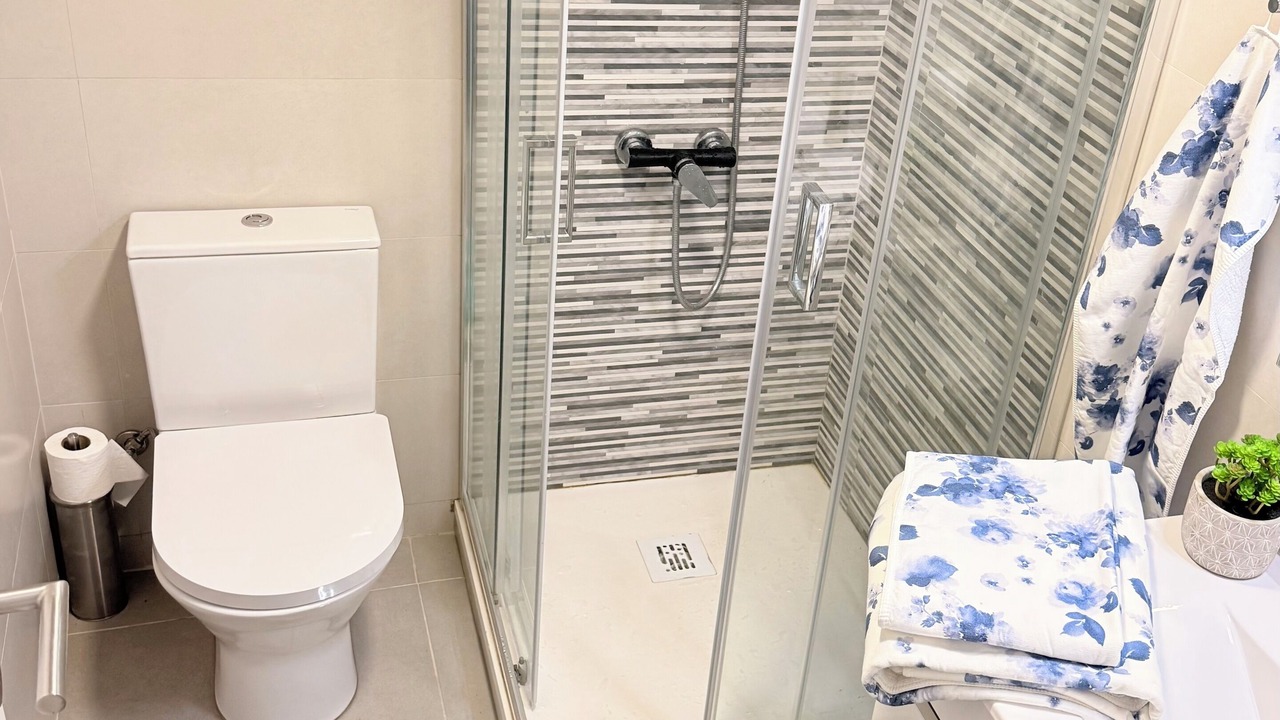 Photo of Bathroom in Pedrogao Pequeno
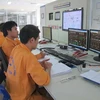 Nhân viên Tập đoàn Hòa Phát đang theo dõi hệ thống phát điện. (Ảnh: Đức Duy/Vietnam+)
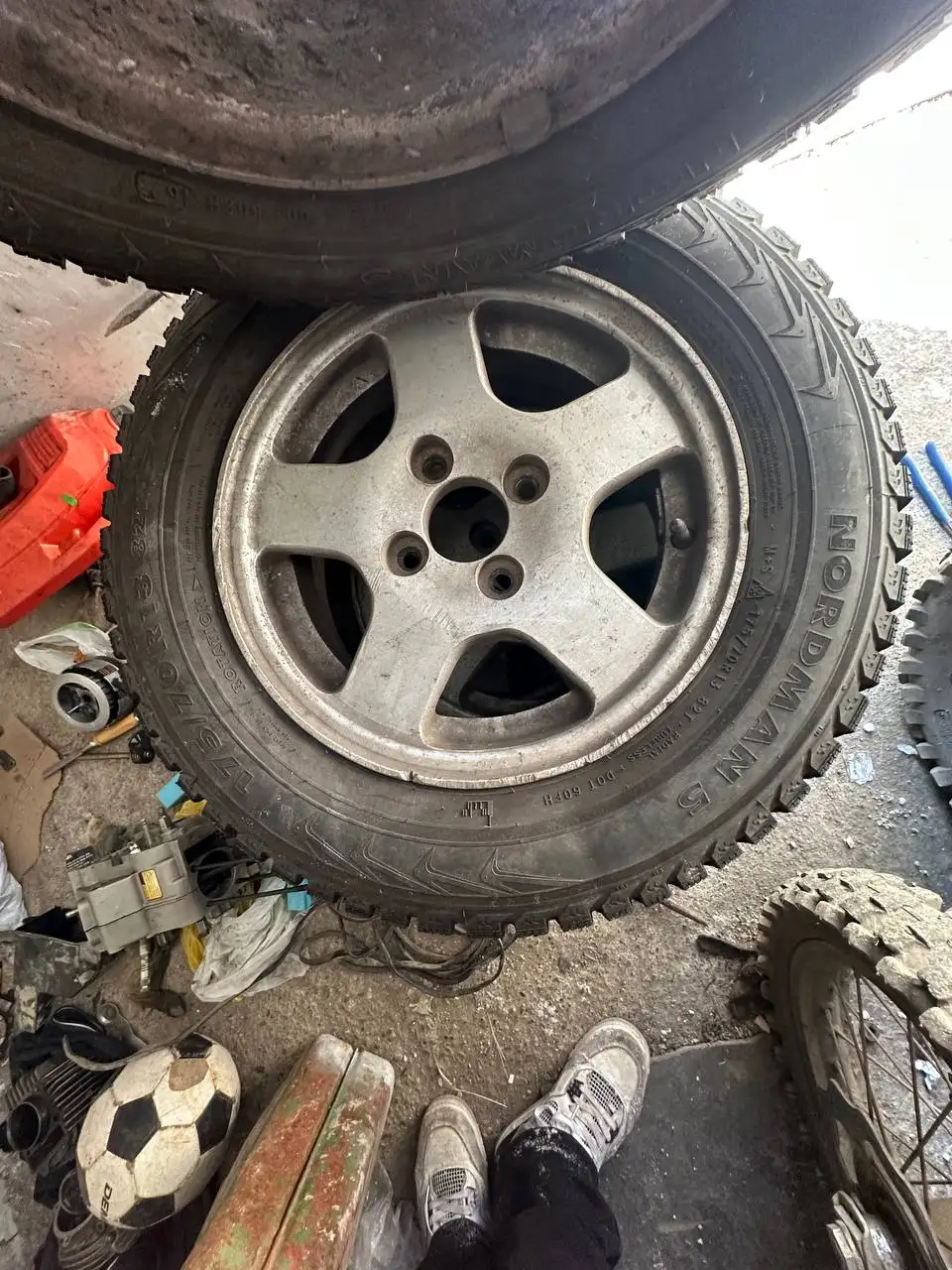 Продажа зимней резины Нордман 5 4:98 на литье и стартера на 3 болта - Запчасти (Авто) в Магнитогорск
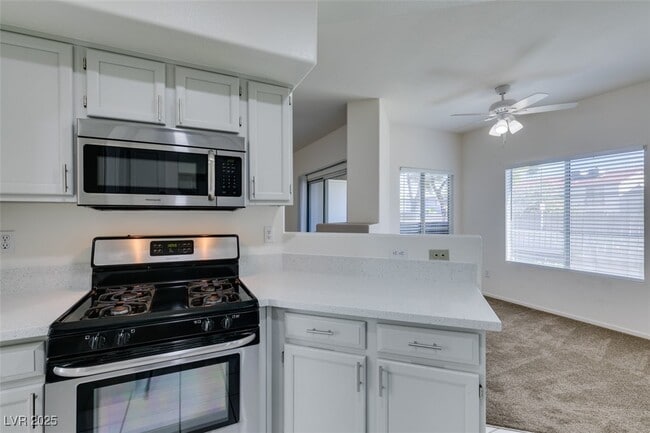 Building Photo - 5525 W Flamingo Rd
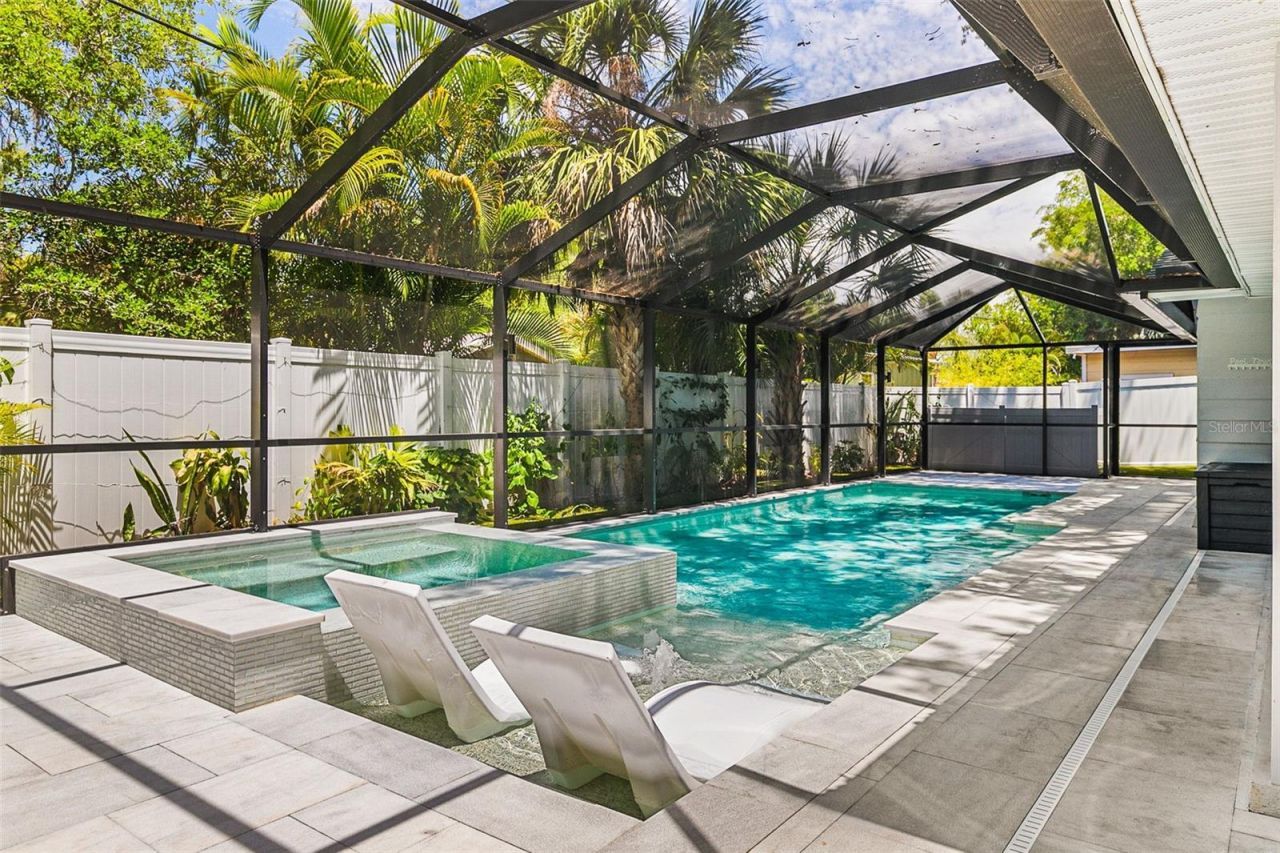 2215 Hibiscus Street, Sarasota, FL 34239 Photo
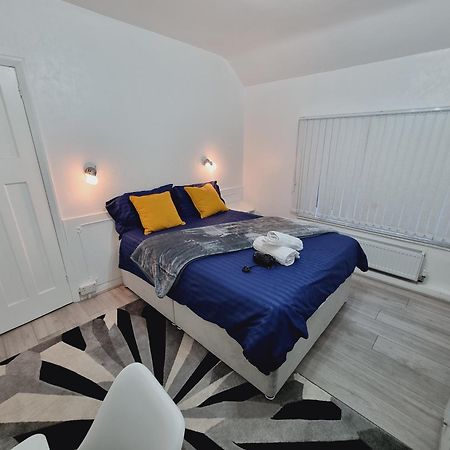 Luxury Double Bed With Private Bathroom, Netflix, Work Space And Wifi Leeds  Bagian luar foto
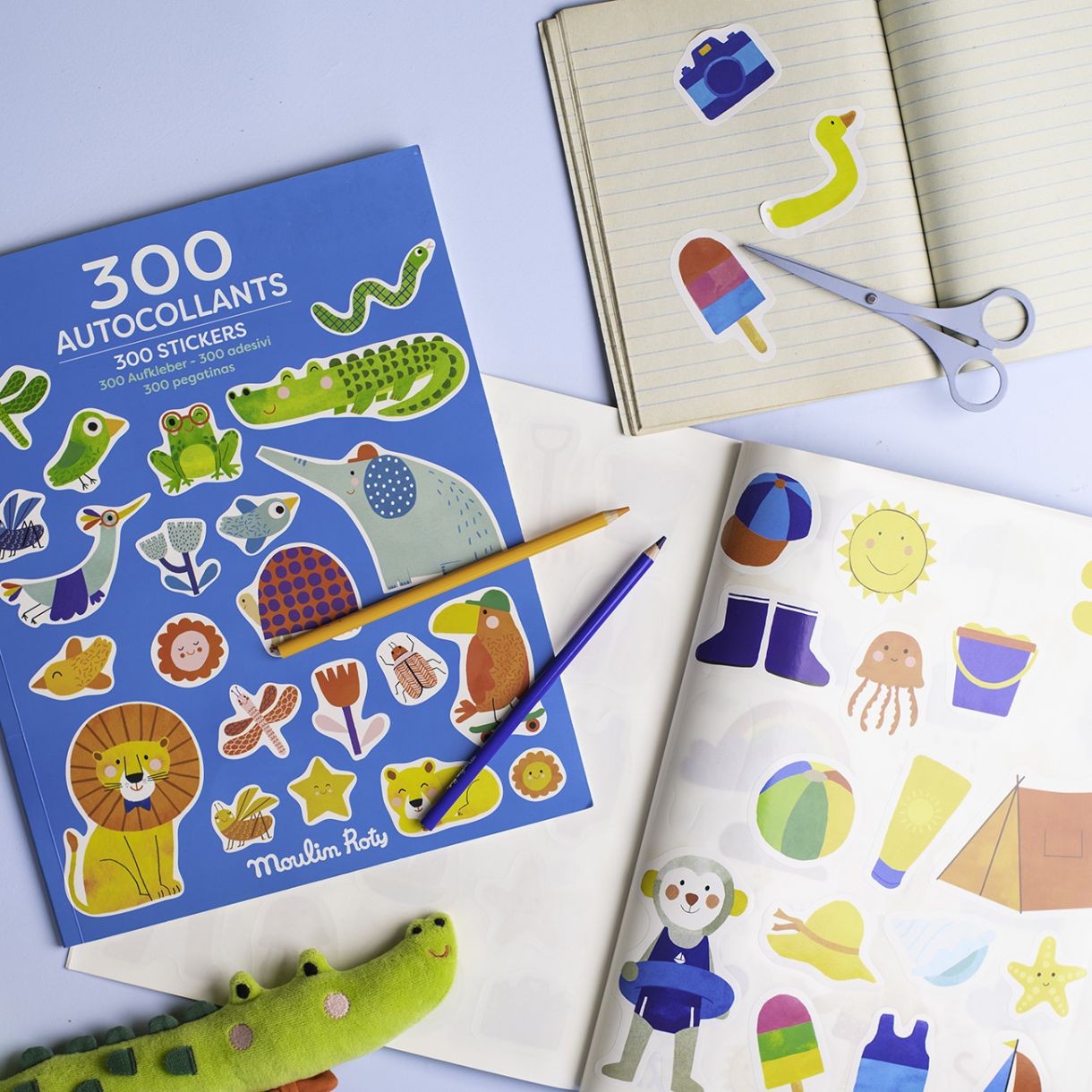Booklet with 300 stickers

════

◆ EXERCISE OBJECTIVE
Reproduce the listing exactly, images omitted.

◆ TASK OUTPUT
 Photo of Bathroom in Pedrogao Pequeno
 Nhân viên Tập đoàn Hòa Phát đang theo dõi hệ thống phát điện. (Ảnh: Đức Duy/Vietnam+)
 Продажа зимней резины Нордман 5 4:98 на литье и стартера на 3 болта - Запчасти (Авто) в Магнитогорск
 Building Photo - 5525 W Flamingo Rd
 2215 Hibiscus Street, Sarasota, FL 34239 Photo
 Luxury Double Bed With Private Bathroom, Netflix, Work Space And Wifi Leeds  Bagian luar foto
Booklet with 300 stickers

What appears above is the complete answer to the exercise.